▶ [COLLECTED DATA]:
══════════

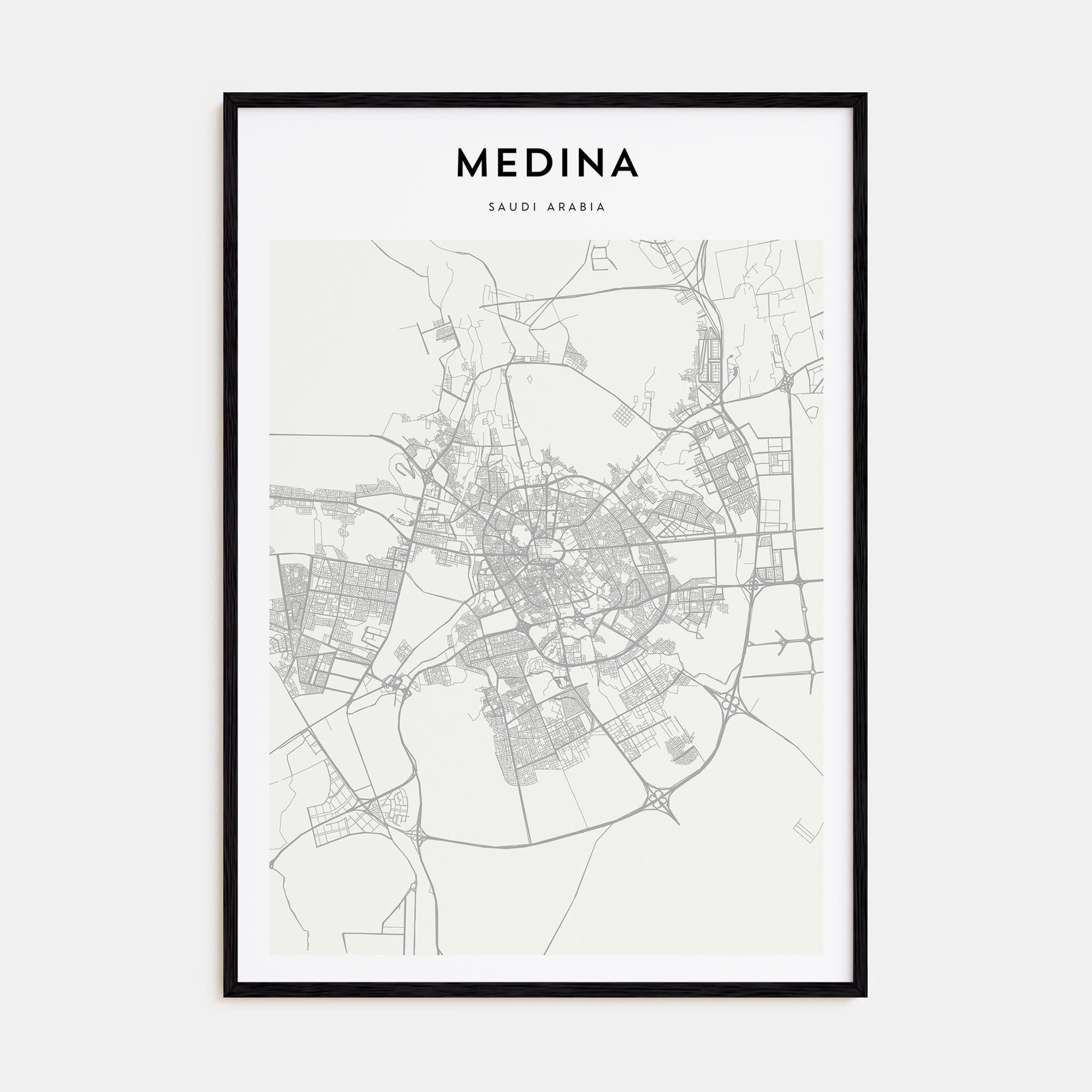 Medina Map Portrait Poster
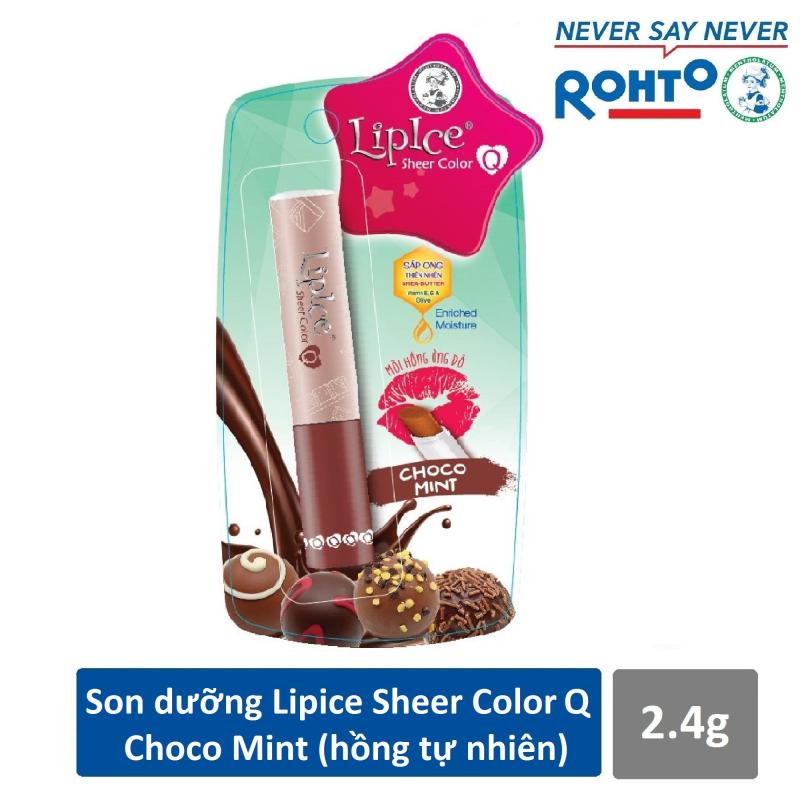 Son dưỡng Lipice Sheer Color Q Choco Mint 2.4g (Hồng tự nhiên) cao cấp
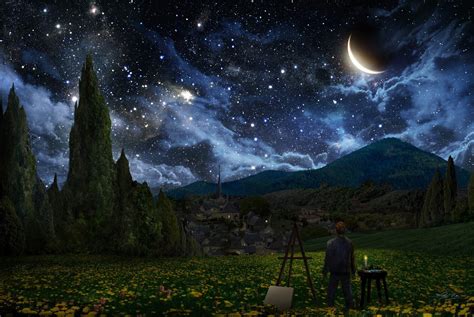 Vincent van Gogh, Starry night, The Starry Night HD Wallpapers ...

══════════

▶ [ABOUT THIS EXERCISE]: Except for the pictures, give all the material above again verbatim.

▶ [RESULT BELOW]:
 Medina Map Portrait Poster
 Son dưỡng Lipice Sheer Color Q Choco Mint 2.4g (Hồng tự nhiên) cao cấp
 Vincent van Gogh, Starry night, The Starry Night HD Wallpapers ...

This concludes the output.